En la media hora que tardó en llegar el almuerzo, una langosta del Mediterráneo servida
fría con salsa de vino, aguacate y rodajas de tomate, con pan recién salido del horno, seguida
de una bandeja de fruta y queso, ella escribió con celeridad, parando de vez en cuando para
hacerle una pregunta al tiempo que se esforzaba en el tema que la ocupaba.
Pero a pesar de dichos esfuerzos, su mente no paraba de desviarse. Las preguntas que le
hada no eran las que más deseaba formularle.
Saber si tendría que arrancar todas las vides plantadas y empezar de cero, qué variedades
debería cultivar, cuánto le costaría y cuánto tiempo pasaría antes de que pudiera esperar
recuperar las pérdidas y obtener beneficios, no parecía tan fascinante como que le contara de
quién había heredado esos extraordinarios ojos, dónde había aprendido a hablar tan bien el
inglés, los años que tenía o si había alguna mujer especial en su vida.
‐Bien, ¿he logrado desanimarte? ‐inquirió él cuando se sentaron a comer.
‐Has hecho que cobrara conciencia de los escollos que de otra manera no habría sido capaz
de reconocer ‐le informó, eligiendo con cuidado las palabras‐, pero no, no me has desanimado.
En todo caso, estoy más decidida que nunca a devolverle la vida a mi viñedo.
‐Cuéntame más acerca de ese tío abuelo tuyo ‐pidió él. ‐Por ejemplo, ¿por qué permitió
que sus viñedos cayeran en semejante abandono?
‐Supongo que porque era demasiado viejo para ocuparse de ellos adecuadamente.
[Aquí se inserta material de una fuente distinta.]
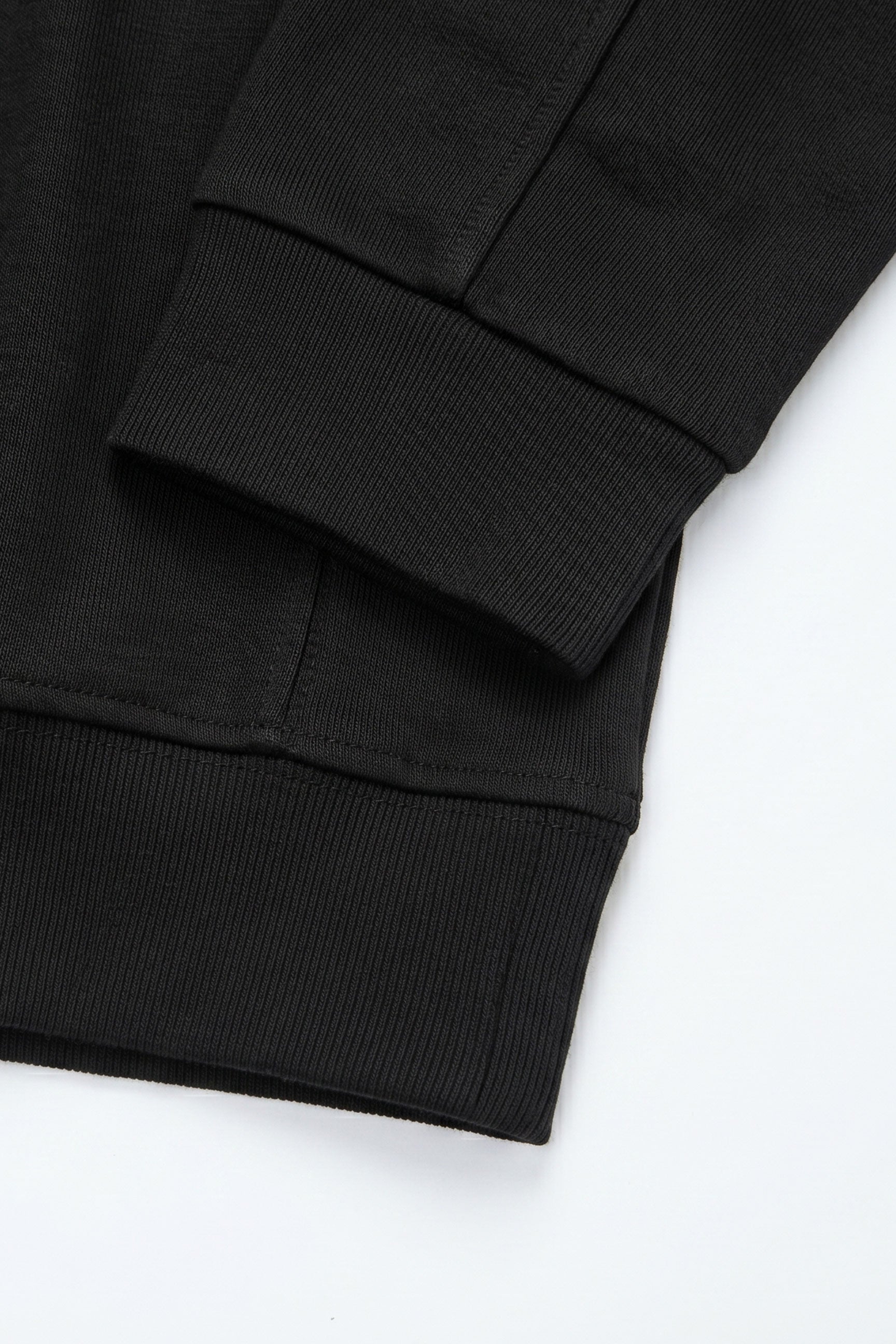 Ανδρικό μαύρο φούτερ με φερμουάρ Quarter Zip και φαρδιά λαιμόκοψη από μείγμα βαμβακιού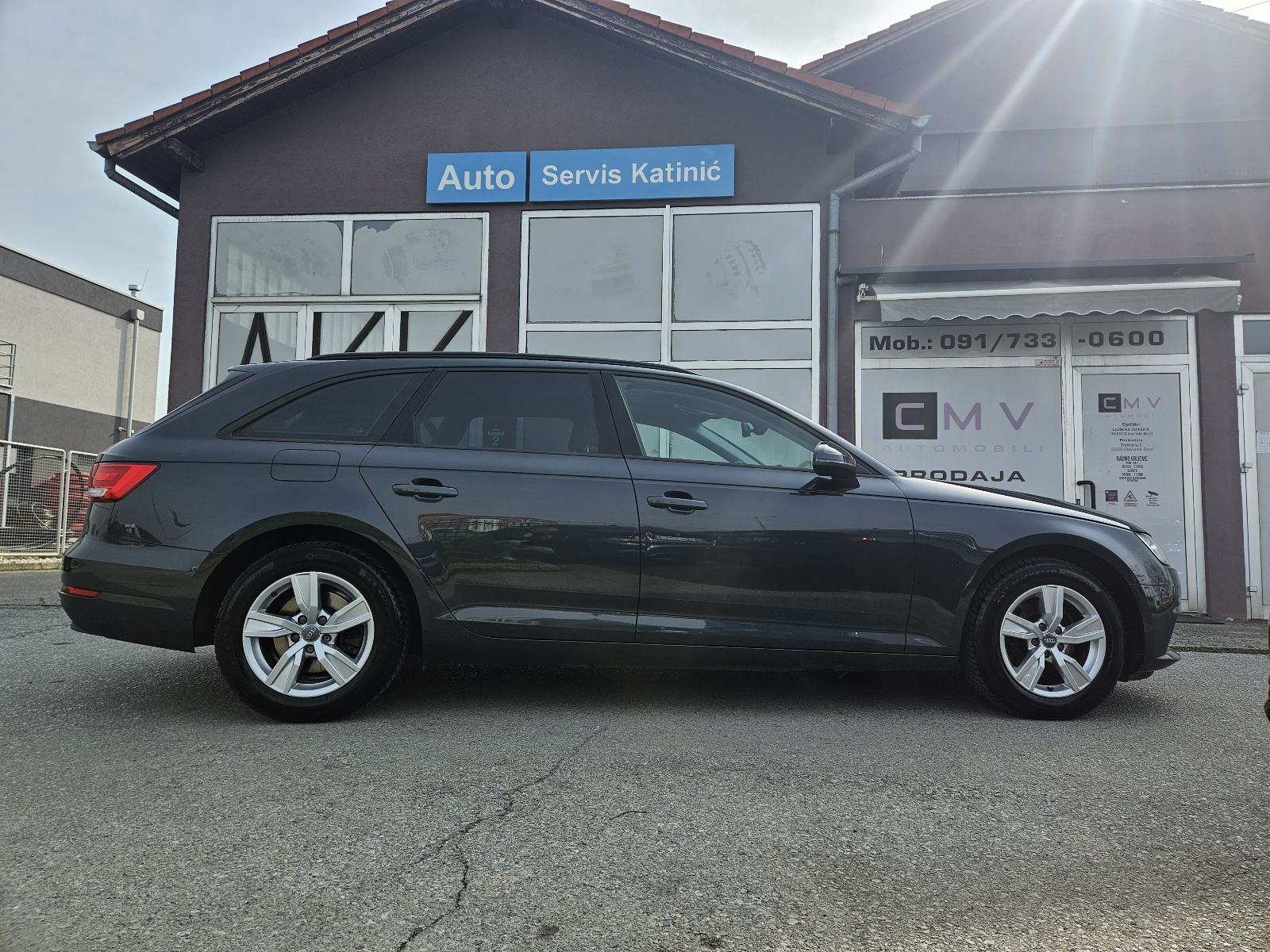 Audi A4 Avant 2,0 TDI, fotografija 10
Murió
con ochenta y cuatro años.
‐¿Supones? ¿Es que no manteníais un contacto estrecho?
‐No. Ni siquiera conocía su existencia hasta que su abogado se puso en contacto conmigo
para comunicarme lo de la propiedad.
‐¿No tenía otros parientes? ¿Alguno mejor preparado para rescatar de la ruina su
propiedad?
‐No lo sé.
‐¿Por qué no?
Lo miró frustrada.
‐Porque era de la familia de mi padre.
‐¿No te importaban tu padre y su familia?
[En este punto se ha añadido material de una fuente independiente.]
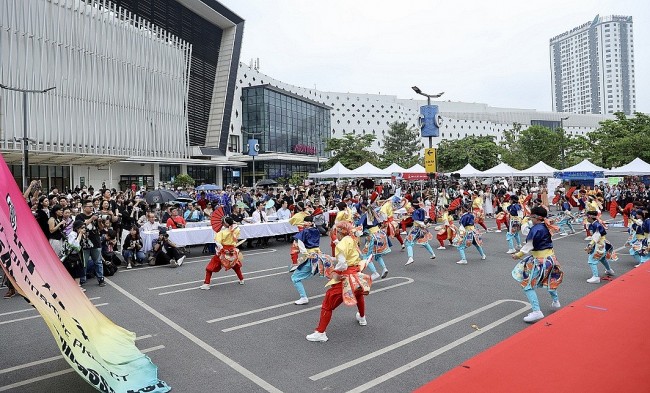 900 Vietnamese, Japanese Yosakoi Dancers Perform in Hanoi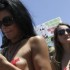 Manifestantes exigem direito de poder fazer topless em Miami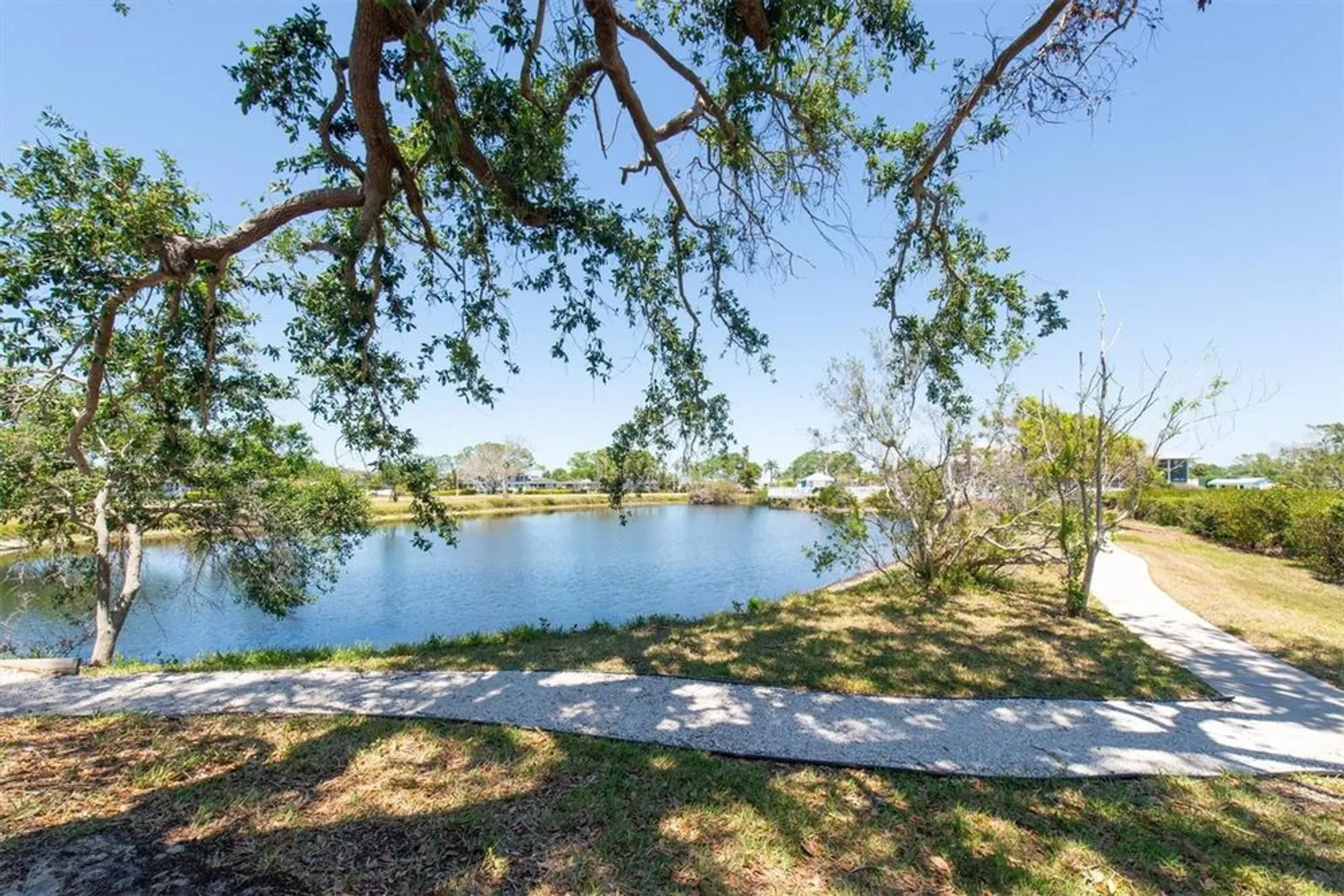 Property Slideshow image 34 of 57 | 801 waterside ln, Bradenton, FL, 34209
‐Apenas lo conocí ‐respondió. ‐Murió cuando yo tenía siete años.
Él enarcó una ceja.
‐Yo recuerdo a muchos parientes y acontecimientos de cuando tenía esa edad.
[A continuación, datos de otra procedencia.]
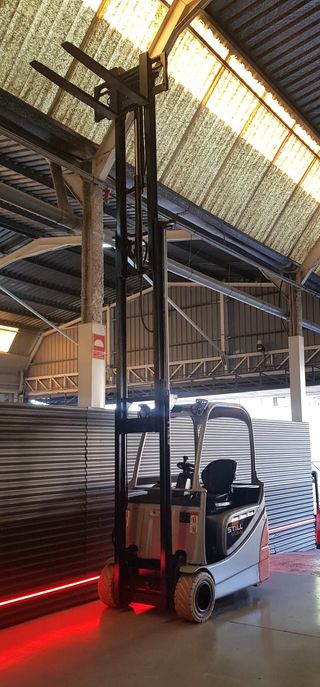CARRETILLA ELEVADORA OCASION 1800 KG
‐Probablemente porque, a diferencia de la mía, tu familia se mantuvo unida.
‐¿Tus padres estaban divorciados?
‐Oh, sí, y la guerra entre ellos jamás cesó ‐recordaba muy bien los comentarios cáusticos de
su madre a sus titubeantes peticiones de ir a visitar a su padre o de hablar con él por teléfono‐.
Yo tenía cuatro años por entonces y mi madre se cercioró de que viviera demasiado lejos de él
como para verlo a menudo.
Domenico movió la cabeza con gesto de desaprobación.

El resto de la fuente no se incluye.